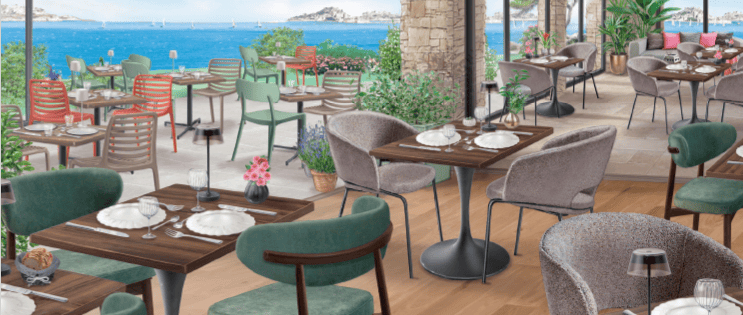 #terrasse 2026 - Guide METRO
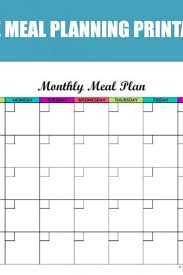 Meal Planning Archives Simply Unscripted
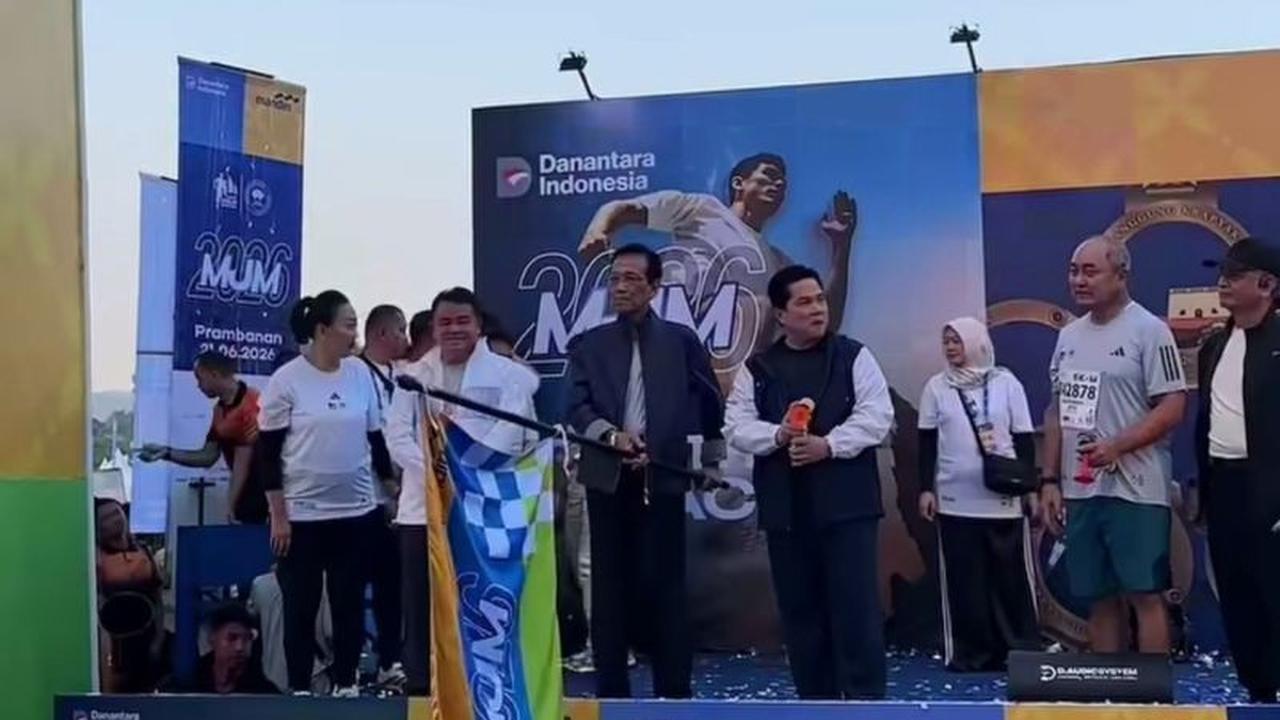 Menpora: Sport Tourism Dorong Kesehatan Masyarakat dan Pertumbuhan Ekonomi di Yogyakarta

▬▬▬▬▬▬

= What the task requires =
Word for word, return the listing above; the pictures do not belong in the copy.

= Task output =
 #terrasse 2026 - Guide METRO
 Meal Planning Archives Simply Unscripted
 Menpora: Sport Tourism Dorong Kesehatan Masyarakat dan Pertumbuhan Ekonomi di Yogyakarta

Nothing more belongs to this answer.